Michael, Fred Again announced this morning that he is playing a surprise live show at the Sydney Opera House – tonight. After more than 120,000 people queued for tickets and he temporarily crashed the Opera House website, it has sold out. Tell me more about this guy – and is there any chance of getting a ticket to that show?
If you are asking this now, it’s already too late. Fred Again – whose real name is the extremely British Frederick John Philip Gibson – could be described as the Taylor Swift of the dance world: a musician and DJ who attracts fearsome love and scepticism in equal measure. He has been making music for a decade – first as a protege of Brian Eno, then as a songwriter for George Ezra and Rita Ora. But he really blew up during lockdowns with a trilogy of albums titled Actual Life, all of which feature samples from conversations with his friends and peers set to house-ish tracks.
Case in point: his breakout hit Marea (We’ve Lost Dancing), where fellow DJ The Blessed Madonna waxes lyrical about the communities forged on the dancefloor over synths. You may have heard it at the end of Triangle of Sadness.
Since then, Fred Again has exploded into public view. His “secret raves” in London and New York sold out within minutes; he often announces and performs these shows within hours of each other, and always on the same day. His Melbourne gig last year sold out in 3.4 seconds, according to ticket company Humanitix; it would take me 3.4 seconds just to open Safari on my phone. Mind-boggling!
OK, 3.4 seconds is crazy. Do Australians love him in particular?
If there’s one thing about Australia it is that we are desperate babies who glom on to any artist who gives us the time of day. (See also: Pink). And Fred Again has more than provided: alongside his surprise Melbourne show last year, he also played a surprise Sydney set the same month alongside his previously announced appearances at Laneway festival and accompanying sideshows. At a show in Sydney’s Enmore theatre he told the audience that Australians were always in his DMs, which makes sense. (See above: desperate babies.)
If he’s so popular, why does he keep his shows secret? Why not give people more notice that he’s coming?
Because it is a very effective tactic. Obviously clandestine raves have existed as long as the fun police; if I had a dollar for every time I saw the phrase “secret warehouse location” I would probably have enough money for a Fred Again ticket. It helps him whip up an unstoppable mania for each one of his surprise shows. We might trace it back to 2022, when a series of listening parties for Actual Life 3 popped up at pubs around the world. Fans on his Discord channel – which has more than 26,000 members – were sent a link to the album a day before its release to host their own events, many cobbled together within hours.
A cynic could say that the secret shows give him a degree of street cred at odds with his massively mainstream popularity. Or, like this GQ profile says, you could argue there is a link between the spontaneity of his shows and the DIY nature of his music, which often draws from the lives of himself and those around him.

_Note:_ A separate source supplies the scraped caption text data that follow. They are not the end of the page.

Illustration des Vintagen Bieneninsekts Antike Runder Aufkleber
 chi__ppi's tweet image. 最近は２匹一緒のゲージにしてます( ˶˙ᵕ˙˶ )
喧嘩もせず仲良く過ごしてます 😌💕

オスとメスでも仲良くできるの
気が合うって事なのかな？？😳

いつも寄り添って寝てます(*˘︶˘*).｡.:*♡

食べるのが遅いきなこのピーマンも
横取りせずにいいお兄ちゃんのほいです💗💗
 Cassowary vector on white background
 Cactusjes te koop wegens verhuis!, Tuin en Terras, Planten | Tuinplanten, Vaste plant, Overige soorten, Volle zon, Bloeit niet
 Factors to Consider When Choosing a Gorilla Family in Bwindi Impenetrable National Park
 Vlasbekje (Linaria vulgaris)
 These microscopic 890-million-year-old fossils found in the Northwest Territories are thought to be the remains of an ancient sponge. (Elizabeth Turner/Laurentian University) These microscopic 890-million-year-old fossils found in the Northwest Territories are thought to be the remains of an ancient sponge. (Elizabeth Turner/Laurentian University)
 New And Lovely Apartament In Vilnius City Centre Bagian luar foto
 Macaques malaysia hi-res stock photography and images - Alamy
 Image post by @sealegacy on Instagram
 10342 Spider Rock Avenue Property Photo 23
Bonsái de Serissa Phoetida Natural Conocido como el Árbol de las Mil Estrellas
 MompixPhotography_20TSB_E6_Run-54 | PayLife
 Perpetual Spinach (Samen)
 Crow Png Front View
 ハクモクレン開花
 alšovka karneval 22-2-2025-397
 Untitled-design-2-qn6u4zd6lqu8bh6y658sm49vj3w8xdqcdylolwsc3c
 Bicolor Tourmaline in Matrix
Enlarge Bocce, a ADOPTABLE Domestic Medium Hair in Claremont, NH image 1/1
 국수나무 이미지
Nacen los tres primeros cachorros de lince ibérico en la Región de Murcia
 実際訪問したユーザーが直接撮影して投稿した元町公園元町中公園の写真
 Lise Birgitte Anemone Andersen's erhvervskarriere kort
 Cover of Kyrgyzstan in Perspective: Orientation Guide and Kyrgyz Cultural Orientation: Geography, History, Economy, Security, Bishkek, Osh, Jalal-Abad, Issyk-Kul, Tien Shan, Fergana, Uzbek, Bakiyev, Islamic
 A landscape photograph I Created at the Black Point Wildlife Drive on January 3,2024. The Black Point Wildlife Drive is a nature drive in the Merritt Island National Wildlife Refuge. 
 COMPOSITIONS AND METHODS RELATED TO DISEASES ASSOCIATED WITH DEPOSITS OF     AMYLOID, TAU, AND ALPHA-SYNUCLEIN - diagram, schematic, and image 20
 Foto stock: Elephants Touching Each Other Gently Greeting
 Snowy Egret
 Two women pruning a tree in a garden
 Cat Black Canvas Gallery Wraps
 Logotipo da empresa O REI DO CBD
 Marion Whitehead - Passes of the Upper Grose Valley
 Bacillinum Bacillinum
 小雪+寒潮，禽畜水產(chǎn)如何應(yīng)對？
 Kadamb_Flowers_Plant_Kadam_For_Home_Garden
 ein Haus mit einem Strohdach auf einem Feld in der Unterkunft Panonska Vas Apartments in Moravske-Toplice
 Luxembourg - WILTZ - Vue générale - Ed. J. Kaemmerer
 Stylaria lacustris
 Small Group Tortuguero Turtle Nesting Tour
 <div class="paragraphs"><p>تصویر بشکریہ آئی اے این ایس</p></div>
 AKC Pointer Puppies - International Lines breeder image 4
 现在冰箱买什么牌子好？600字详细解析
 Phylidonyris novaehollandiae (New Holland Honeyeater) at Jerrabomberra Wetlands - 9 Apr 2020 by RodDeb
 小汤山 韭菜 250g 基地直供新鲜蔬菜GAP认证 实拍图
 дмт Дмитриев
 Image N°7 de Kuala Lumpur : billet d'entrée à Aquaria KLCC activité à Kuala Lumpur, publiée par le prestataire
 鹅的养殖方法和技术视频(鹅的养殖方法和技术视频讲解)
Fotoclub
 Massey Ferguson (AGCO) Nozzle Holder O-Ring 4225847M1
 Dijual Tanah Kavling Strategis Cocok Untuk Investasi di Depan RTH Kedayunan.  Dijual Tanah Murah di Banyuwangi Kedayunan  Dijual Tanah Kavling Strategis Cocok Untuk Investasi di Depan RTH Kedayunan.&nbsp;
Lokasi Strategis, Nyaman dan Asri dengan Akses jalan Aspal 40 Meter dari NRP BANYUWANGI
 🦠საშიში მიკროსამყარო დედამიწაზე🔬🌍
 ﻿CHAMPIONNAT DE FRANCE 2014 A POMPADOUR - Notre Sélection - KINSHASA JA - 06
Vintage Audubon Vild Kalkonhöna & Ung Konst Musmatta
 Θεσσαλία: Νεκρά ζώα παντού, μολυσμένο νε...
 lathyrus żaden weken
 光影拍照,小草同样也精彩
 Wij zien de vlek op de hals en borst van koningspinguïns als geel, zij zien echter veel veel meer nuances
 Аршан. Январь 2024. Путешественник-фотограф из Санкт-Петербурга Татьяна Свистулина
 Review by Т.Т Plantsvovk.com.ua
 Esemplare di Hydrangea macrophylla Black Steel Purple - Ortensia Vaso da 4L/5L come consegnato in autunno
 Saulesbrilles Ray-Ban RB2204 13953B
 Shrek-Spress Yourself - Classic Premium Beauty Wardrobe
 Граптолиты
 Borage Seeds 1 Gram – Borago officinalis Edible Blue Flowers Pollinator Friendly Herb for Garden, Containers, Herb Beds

You mentioned Swift, who has a really intense fan following. What is Fred Again’s relationship with his fans like?
To use your word: intense! Like Swift, he is particularly fond of dropping clues on social media. For example he has been hinting for the past 24 hours about coming to Australia. “We’re getting on a flight now and when we land, we’re gonna play some shows,” he wrote on his Instagram story on Monday, followed by many stories from airports and flights. The fans immediately began sniffing out the truth: one TikTok surmised Fred Again’s Australian destination based on a jar of Vegemite he posted earlier, and a commenter identified his flight as one operated by Qantas.
You can certainly see the joy in these Easter eggs: last January, one concertgoer in London said they were handed a USB containing unreleased Fred Again tracks and remixes by a mysterious member of the crowd who then vanished.
A month later, the DJ left Fred Again sweat towels around a Melbourne venue – and then posted the resulting mad rush and diabolical queues on TikTok.
The fans can get the clues wrong. In his Melbourne trip, he posted a series of whale emojis on Instagram, which made people rush to St Kilda’s Prince of Wales hotel thinking they had cracked the code to a secret gig. They were not only wrong (he was off somewhere watching penguins), but also now in St Kilda.
Basically, everyone is insane about him and you probably can’t get tickets to his show now, but thanks for playing.